The web frontend is where the search process actually begins. A user can interact with the search service by either writing a search query in the search center (or a search box) or developing against the new public APIs: REST/OData services and the CSOM. Both the search center and public APIs are hosted on the frontend.
Once the user creates a query, the query is sent to the query-processing component for analysis. The query-processing component analyzes the query and forwards it to the index component. The index component returns the matching results to the query-processing component for another analysis and from there the results are forwarded to the web frontend to be displayed.
When the query-processing component receives a search query from the frontend, it analyzes it in an attempt to optimize its precision and relevance. A site administrator can interact with a query using different techniques such as query rules or result source. We will discuss these techniques in detail in the next chapter, but for now it is important to understand that these manipulations are handled within the query-processing components. As part of its query handling, the query-processing component performs linguistic processes on the query, such as word-breaking and stemming.
Once the query is optimized, it is sent to the index component, which will process the optimized query and return a result set back to the query-processing component and from there to the search frontend.
The index component has the following two roles:
How the index component saves and manages this index file is out of the scope of this book, but you can read more about this in the TechNet article Manage the index component in SharePoint Server 2013, located at http://technet.microsoft.com/en-us/library/jj862355.aspx.
The analytics architecture consists of three main parts, as follows:
The analytics-reporting database, which stores statistical information such as usage data.
The link database, which stores information about searches and crawled documents. In addition, the link database is shared with the Content Processing Component, which in turn stores links and anchors in it. The information, the content-processing component stores is later used by the analytics-processing component.
The analytics-processing component runs two types of analytics: search analytics and usage analytics.
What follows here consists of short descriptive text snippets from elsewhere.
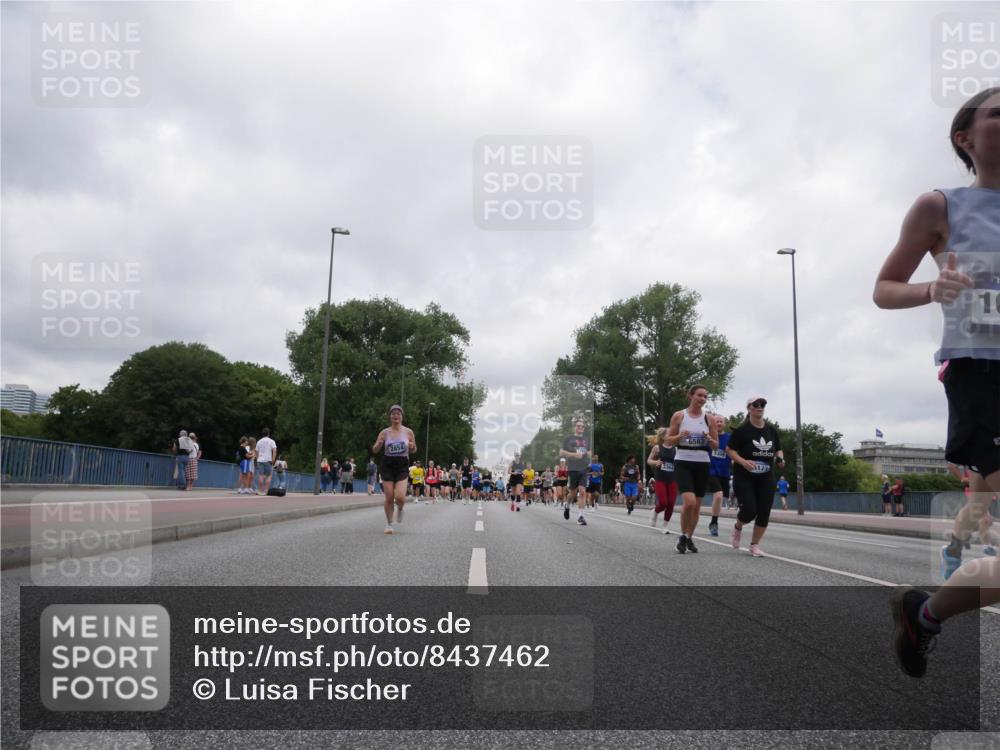 29.06.2025 - hella hamburg halbmarathon Luisa Fischer http://msf.ph/oto/8437462 29.06.2025 10:57:39 Kennedybrücke 2854, 3364, 5309, 10, 2600, 3364, 4720, 5309, 5933, 6583, 6987, 7946, 9130 meine-sportfotos.de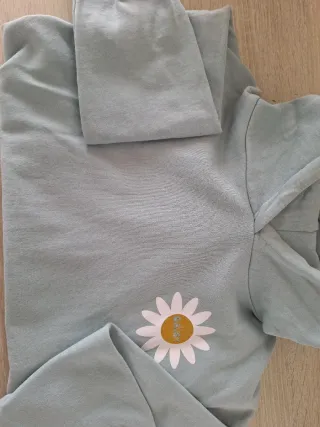 Sudadera niña con estampado de margarita
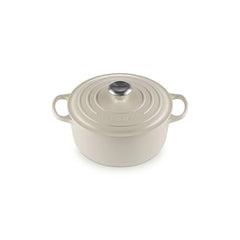 Signature Round Dutch Oven
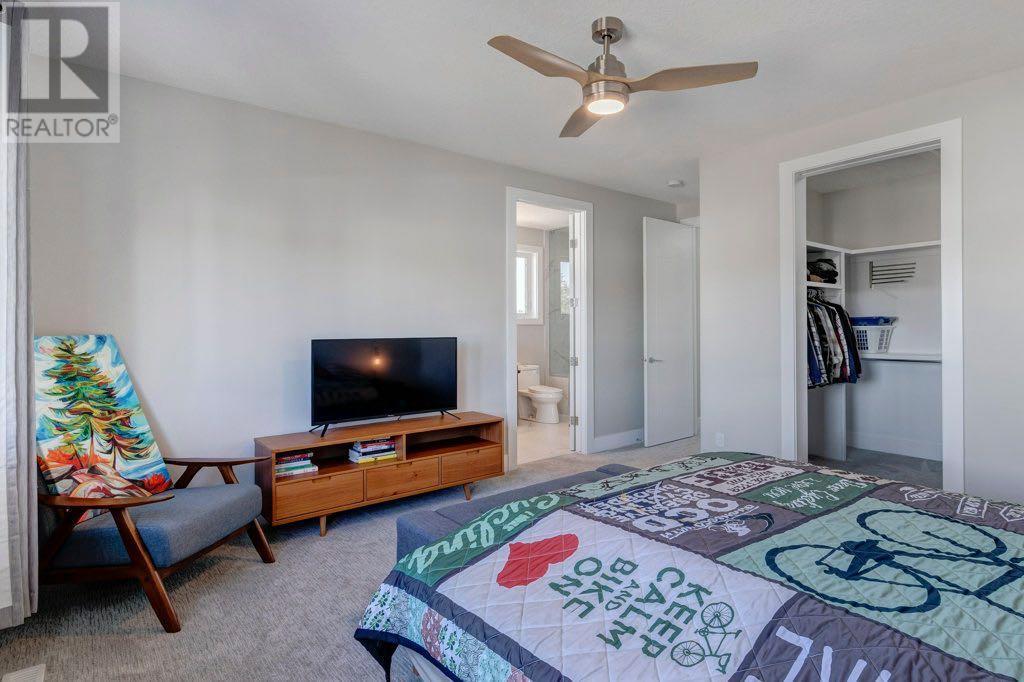4654 84 Street NW, Calgary, Alberta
The search analytics analyzes content from the content-processing component for information such as links, information related to people, and recommendations. The usage analytics analyzes user actions on an item, such as the number of views it had or how many users clicked on it.
An important output of usage analytics are the recommendations. The recommendations analysis creates recommendations on items based on how users have interacted with this specific item in the past. The analysis calculates an item-to-item relationship graph and updates it continuously based on search usage.
Keep in mind that the analytics-processing component is a "learning" component, which means it learns by usage. The more usage the search system will have, the better analytics it will provide.